*** Data to examine Section Begins ***

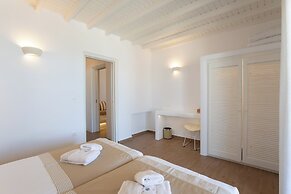 Seethrough Mykonos - Adults Only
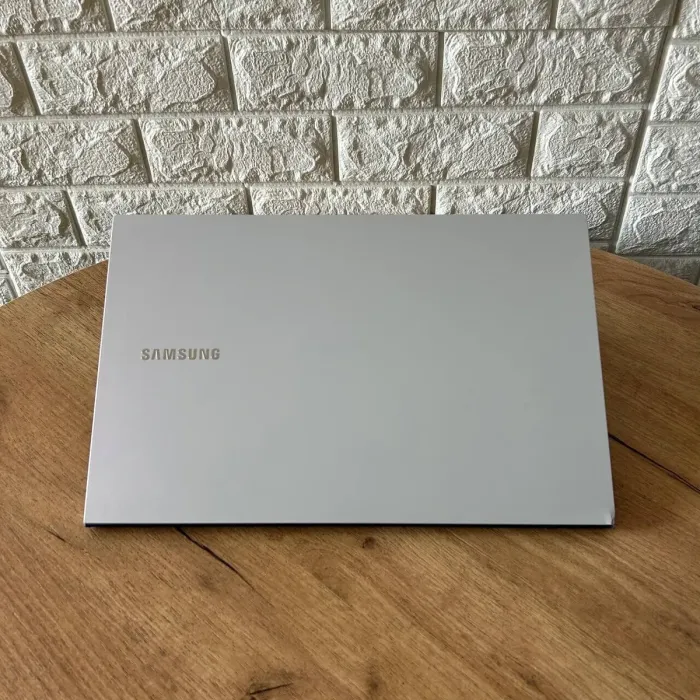 Ультрабук Б-клас Samsung Galaxy Book Ion White NP950XCJ-K02US / 15.6" (1920x1080) IPS / Intel Core i7-10510U (4 (8) ядра по 1.8 - 4.9 GHz) / 16 GB DDR4 / 256 GB SSD / Intel UHD Graphics / WebCam б/в - зображення 3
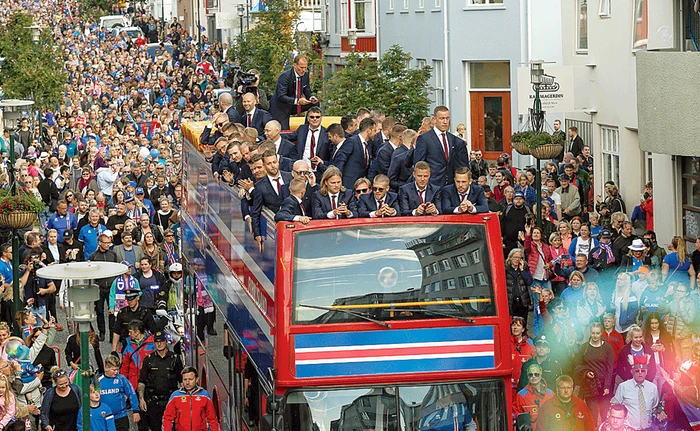 Fotbaliştii islandezi au fost plimbaţi cu un autocar descoperitFoto: AP
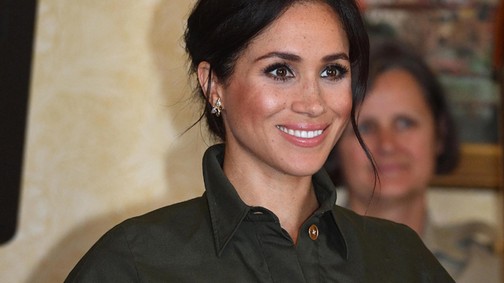 Meghan Markle két testhez simuló ruhában is megmutatta kerekedő pocakját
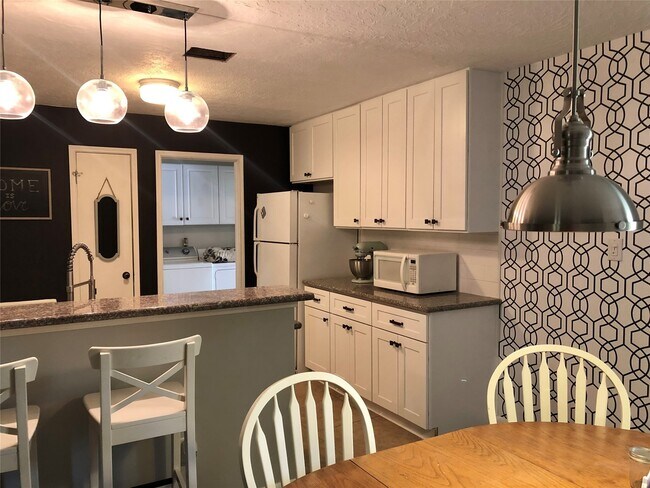 Building Photo - 802 Cascade Creek Dr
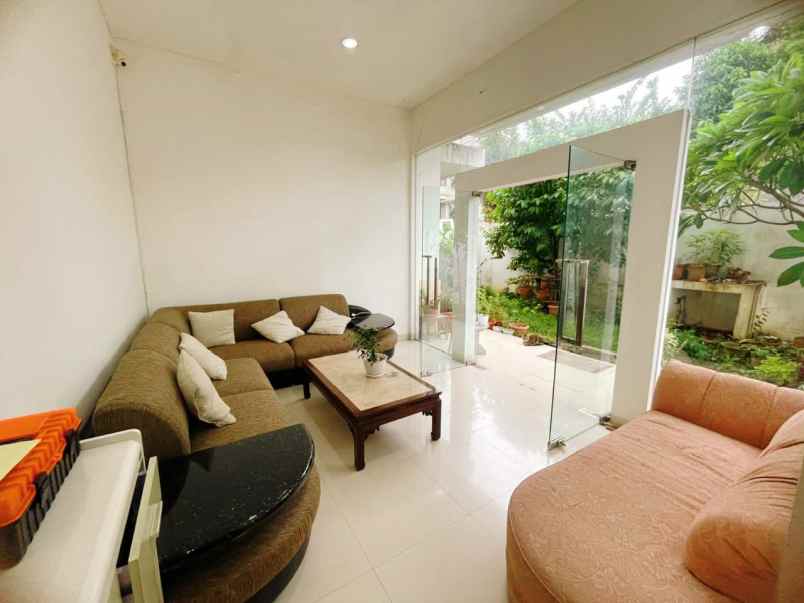 rumah mewah di bukit sari semarang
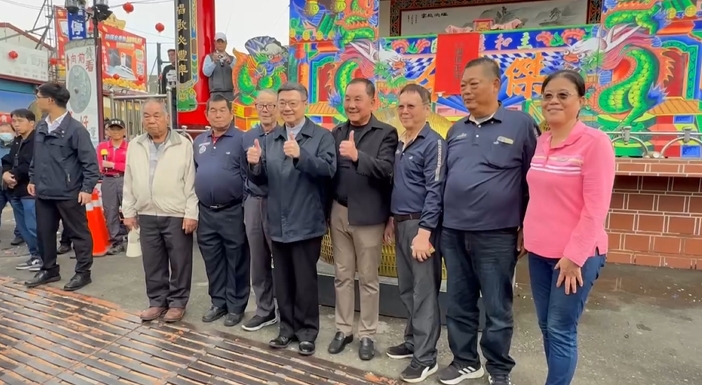卓榮泰下鄉南投紫南宮發新春福袋 喊話朝野應團結互信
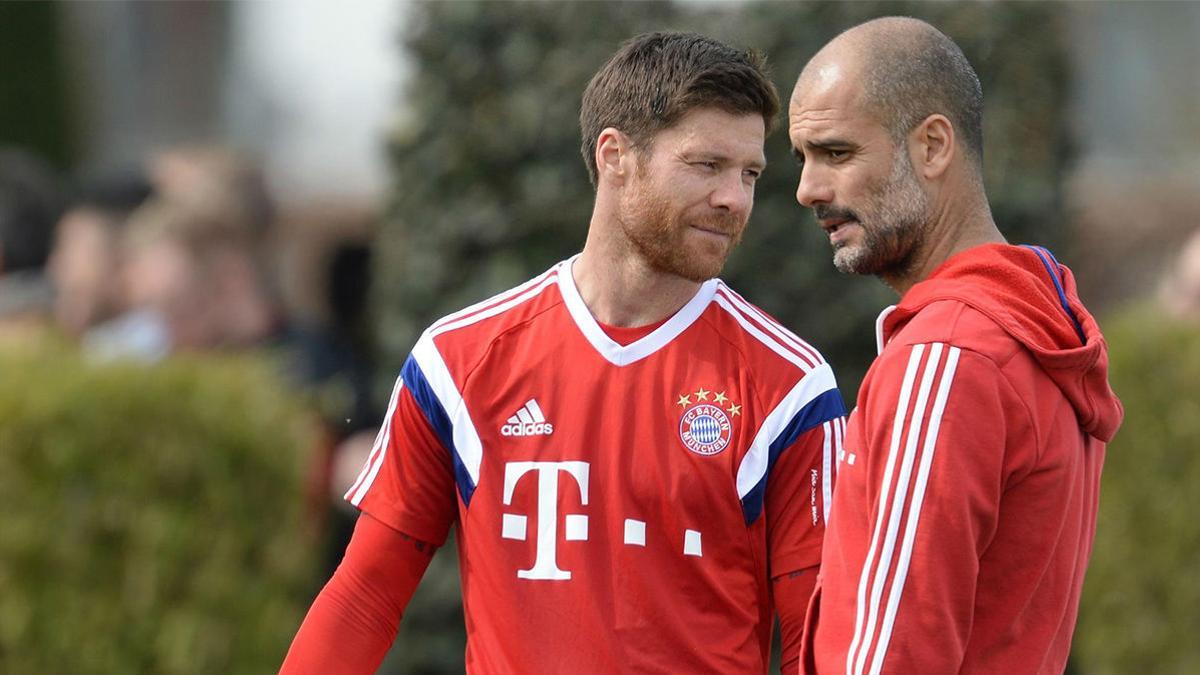 Xabi Alonso llama "visionario" a Guardiola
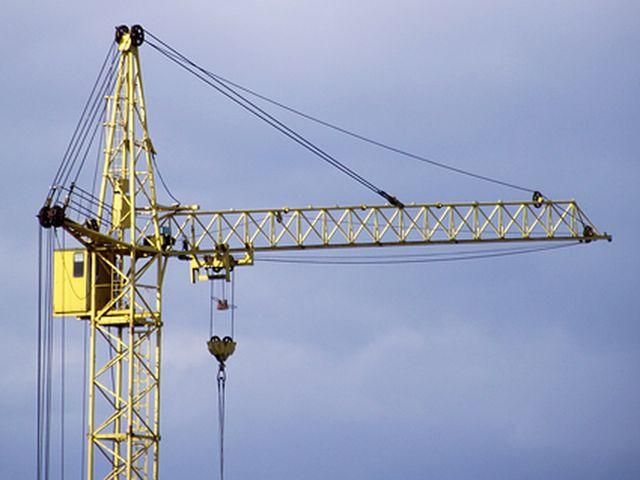 В Киеве строительный кран убил двух человек В Киеве строительный кран убил двух человек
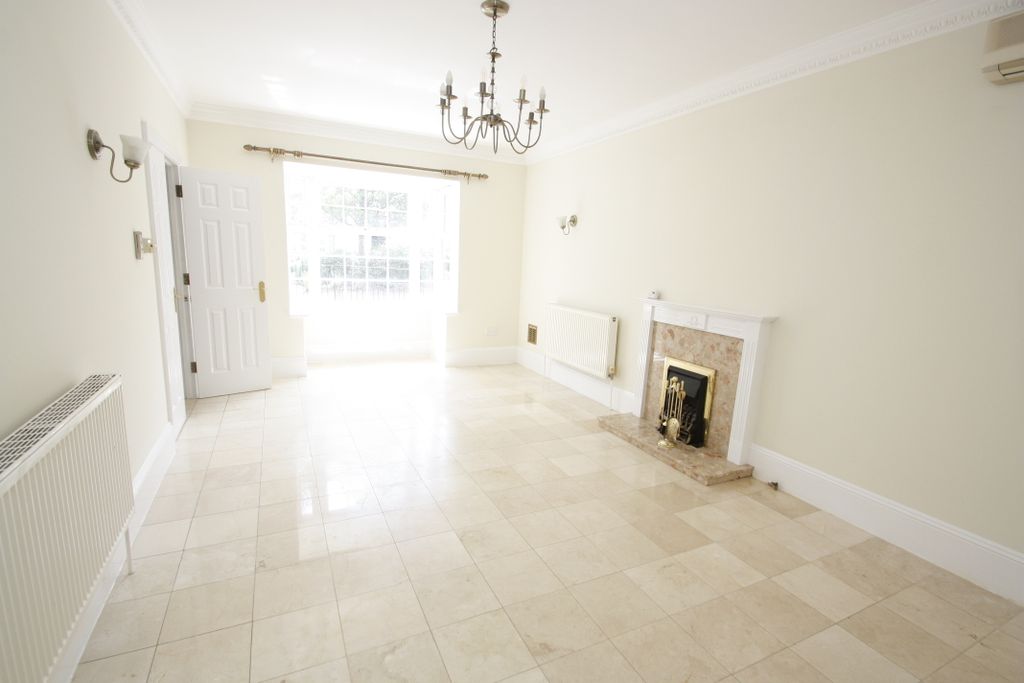 Property photo 3 of 30 Sitting Room
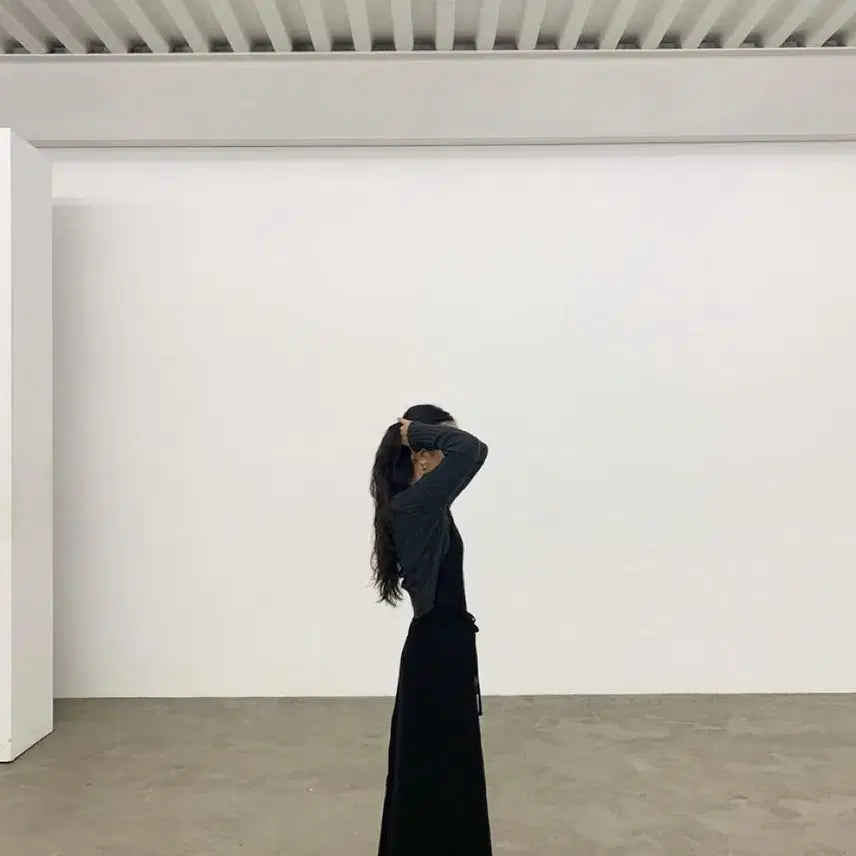 [SOLD OUT] seame 씨미 홀터 원피스 / 타프타 원피스 / 로우타이드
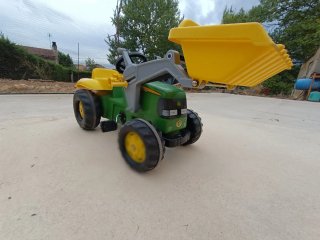 Tractor John Deere pedales y pala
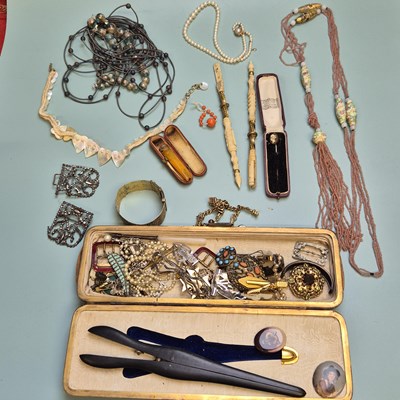 Lot 44 - Antique and later jewellery- wedding cake...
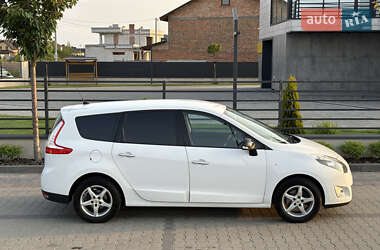 Минивэн Renault Grand Scenic 2011 в 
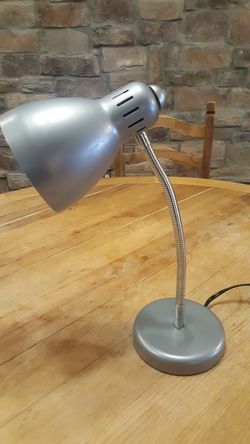 Desk lamp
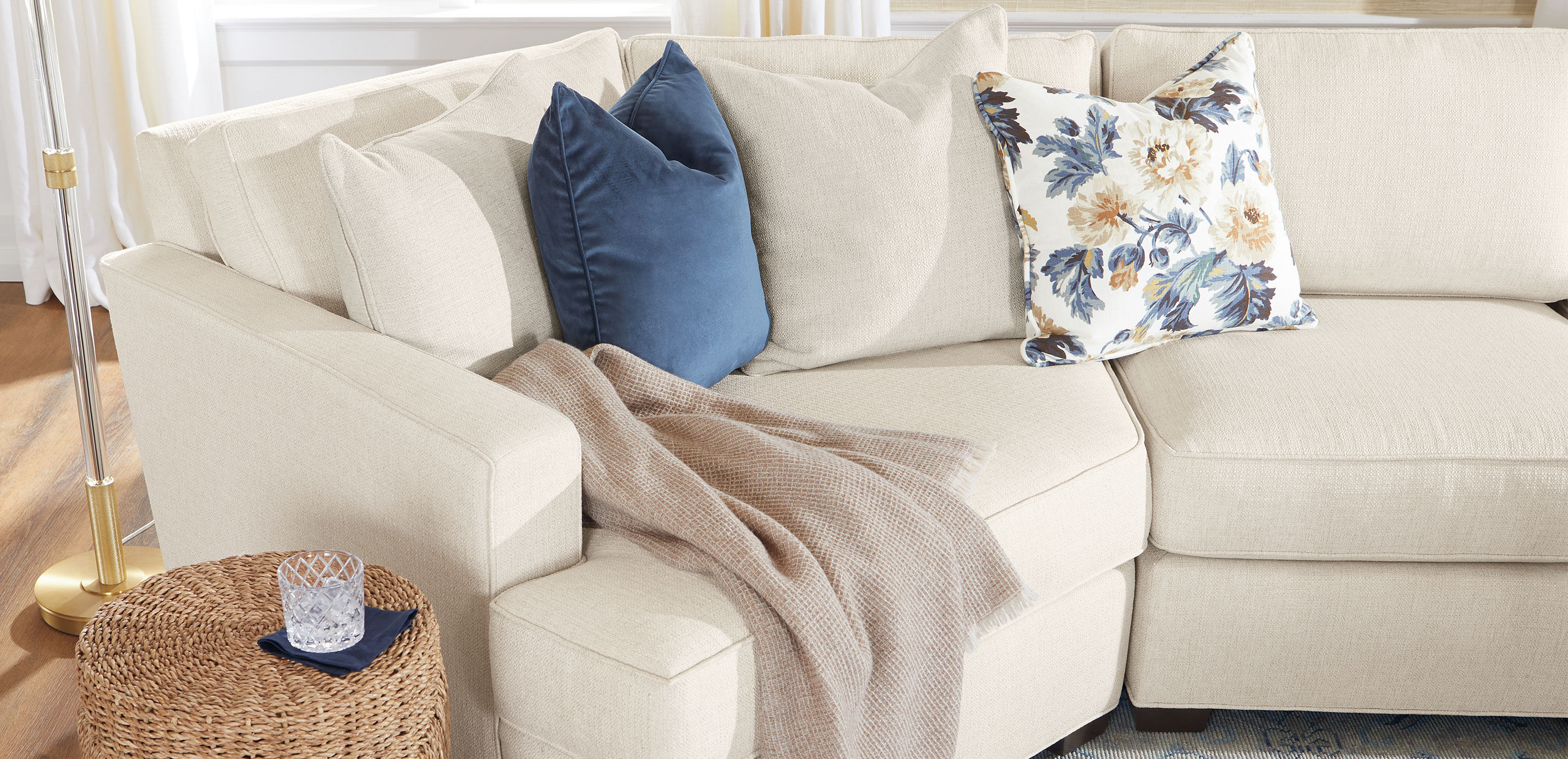 Spencer Track-Arm Two-Piece Sectional with Square Cuddle Chaise_7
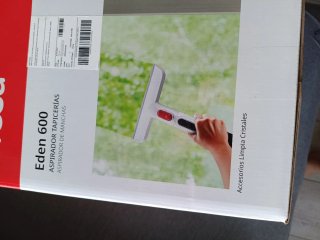 Aspirador Limpiador Tapicerías Ufesa Eden 600W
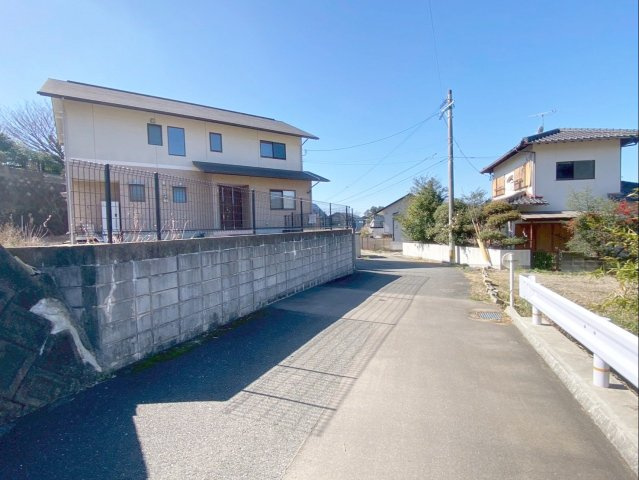 糟屋郡須恵町大字須恵 中古戸建の前面道路含む現地写真|前面道路の様子です！
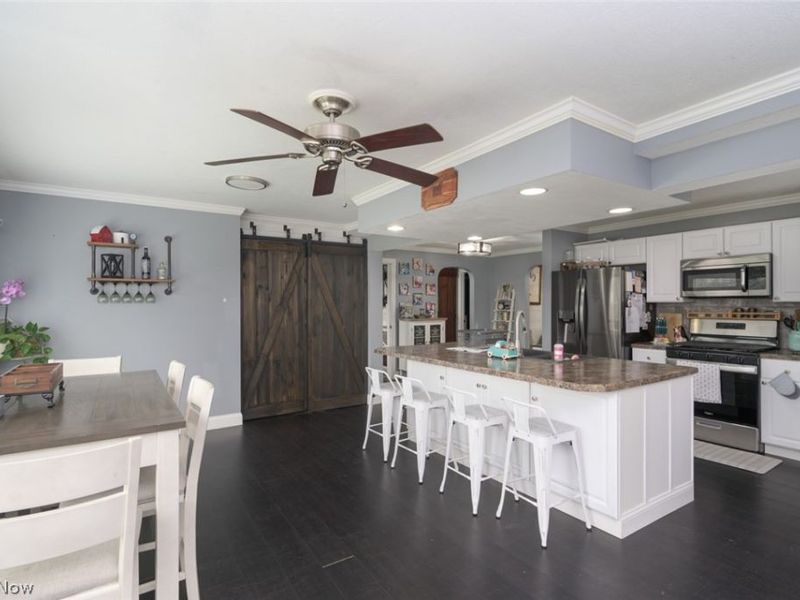 1402 S Chapel Street, Louisville, OH 44641 Photo 11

*** Data to examine Section Ends ***

Action item
With the pictures left out, please output each line from the one containing "Lot 44 - Antique" through the end of the entries, exactly as it is.

The completed task
 Lot 44 - Antique and later jewellery- wedding cake...
 Минивэн Renault Grand Scenic 2011 в 
 Desk lamp
 Spencer Track-Arm Two-Piece Sectional with Square Cuddle Chaise_7
 Aspirador Limpiador Tapicerías Ufesa Eden 600W
 糟屋郡須恵町大字須恵 中古戸建の前面道路含む現地写真|前面道路の様子です！
 1402 S Chapel Street, Louisville, OH 44641 Photo 11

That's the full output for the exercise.